The number of international students in the United States is at record levels. Last year, more than 670,000 foreign students attended an American college or university. The University of Southern California had the largest number for the eighth year in a row. Our correspondent paid a visit to the campus to learn why the students are coming and how they adapt.
In a special class at USC, international students meet with their American counterparts.
Instructor Vincent Vigil says those from overseas learn the ins and outs of life in America.
"We are able to have them interact with American students but then also ask them any sort of simple questions that you may ask another person - what do you like to do for fun? Why did you choose USC?, " said Vincent Vigil.
USC is noted for its athletics, but students say they come for the school's strong academics. "Star Wars" director George Lucas got his start at the USC film school.
Some students come to study business, liberal arts, or communications, or they enroll in the university's highly rated school of engineering.
USC has about 6,600 international students in regular academic programs. One in four graduate students and one in 10 undergraduates come from other countries.
Tony Tambascia directs the university's office of international services. He says USC actively recruits overseas.
"We currently have students from about 115 different places of origin around the world," said Tony Tambascia. "India is first with over 1,500 students. We have almost as many from mainland China."
For American universities, foreign countries provide tuition dollars. Undergraduate students from other countries usually pay full tuition.
Only a small percentage receive financial aid. Foreign students also broaden the pool of high-caliber applicants.

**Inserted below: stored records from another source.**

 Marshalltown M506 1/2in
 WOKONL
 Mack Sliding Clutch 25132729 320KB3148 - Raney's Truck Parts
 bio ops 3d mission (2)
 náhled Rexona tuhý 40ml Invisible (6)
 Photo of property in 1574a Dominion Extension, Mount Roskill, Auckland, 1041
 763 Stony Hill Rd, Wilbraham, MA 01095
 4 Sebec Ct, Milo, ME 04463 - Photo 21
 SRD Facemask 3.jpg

Undergraduate Dean of Admission, Katharine Harrington, says this university's strongest ties are to Asia.
"There are people from all over Asia who have historically attended USC, and so there is a legacy there," said Katharine Harrington.

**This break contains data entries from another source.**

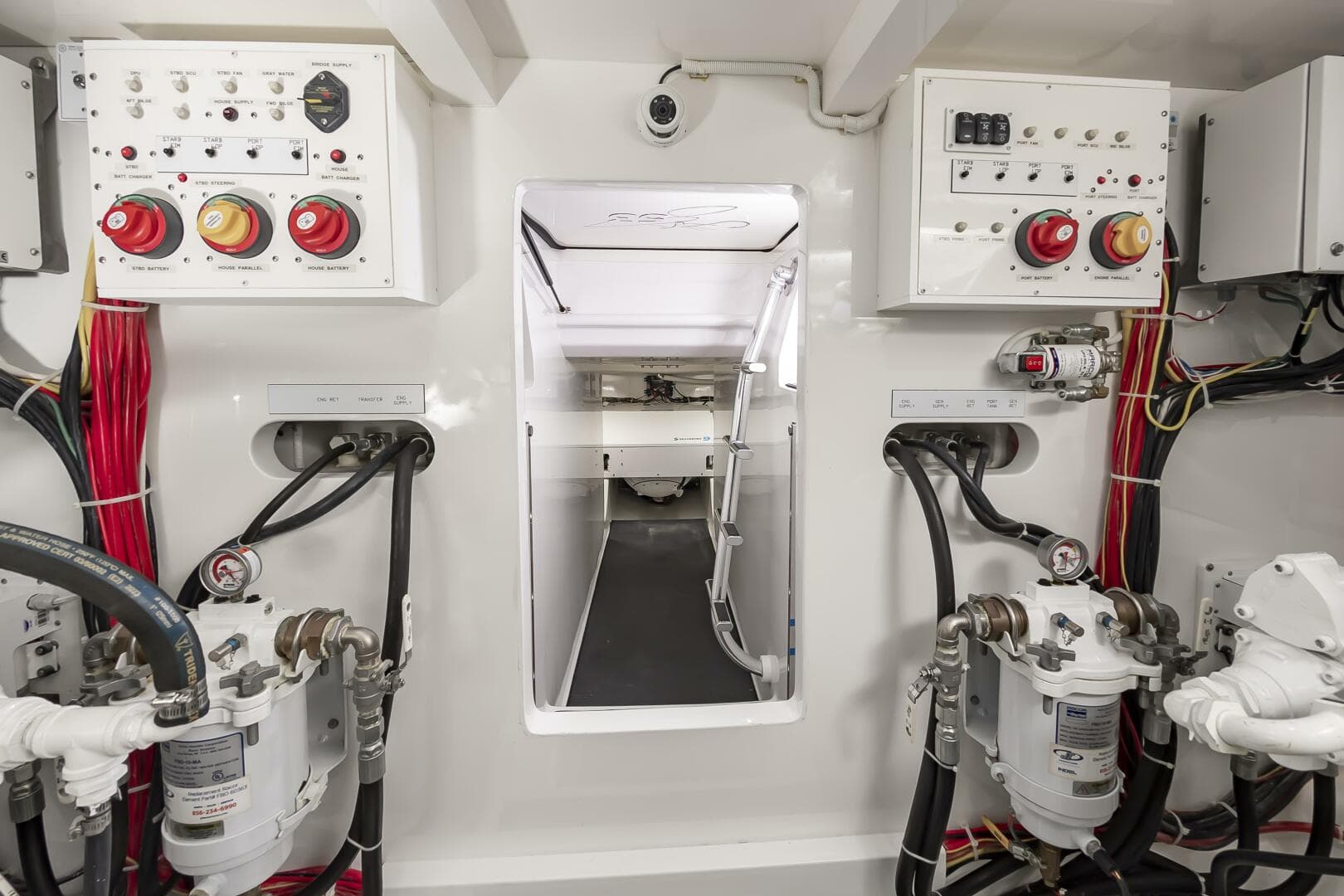 2024 Albemarle Spencer Edition — photo 66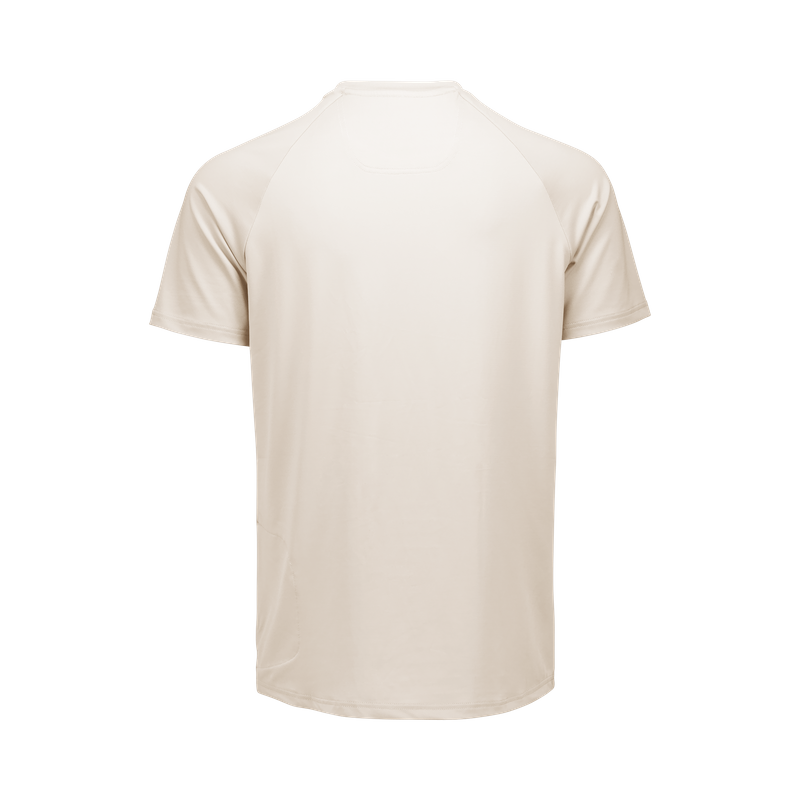 POC Men's Reform Enduro Tee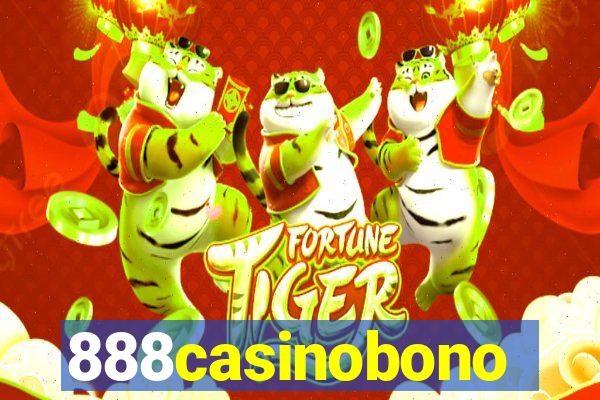 888casinobono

A Japanese student was in the class of 1890. Today, Yuan Si Zhao, from Beijing, is working on her master's degree in communication management.

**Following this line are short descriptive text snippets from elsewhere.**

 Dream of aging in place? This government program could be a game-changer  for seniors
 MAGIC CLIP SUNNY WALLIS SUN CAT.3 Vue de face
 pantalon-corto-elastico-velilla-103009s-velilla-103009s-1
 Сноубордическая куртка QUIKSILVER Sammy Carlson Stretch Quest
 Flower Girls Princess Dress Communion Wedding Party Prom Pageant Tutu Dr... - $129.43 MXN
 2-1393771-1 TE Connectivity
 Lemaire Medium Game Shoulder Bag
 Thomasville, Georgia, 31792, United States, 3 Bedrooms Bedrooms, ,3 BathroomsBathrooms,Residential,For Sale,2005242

"I have lots of friends that came to USC," said Yuan Si Zhao. "That is the main reason I wanted to come. And then, one of my family friends actually recommended this school when I was little."
For Indian engineer student Rahul Khola, the international student body was part of the school's appeal.
"There are tons of Indians," said Rahul Khola. "There are Americans. They're coming from China. So it is good exposure. And that is why I am in the United States. I wanted some cultural exposure."
California's climate is also a draw, but engineering student Bikramjeet Singh Grewal, also from India, spends more time with books than outdoors having fun.
"Not much fun because sometimes you are busy and sometimes your friends are busy, sometimes your professors make you busy," admitted Singh Grewal.
He says the demanding curriculum and international atmosphere have prepared him for graduation and for life afterwards.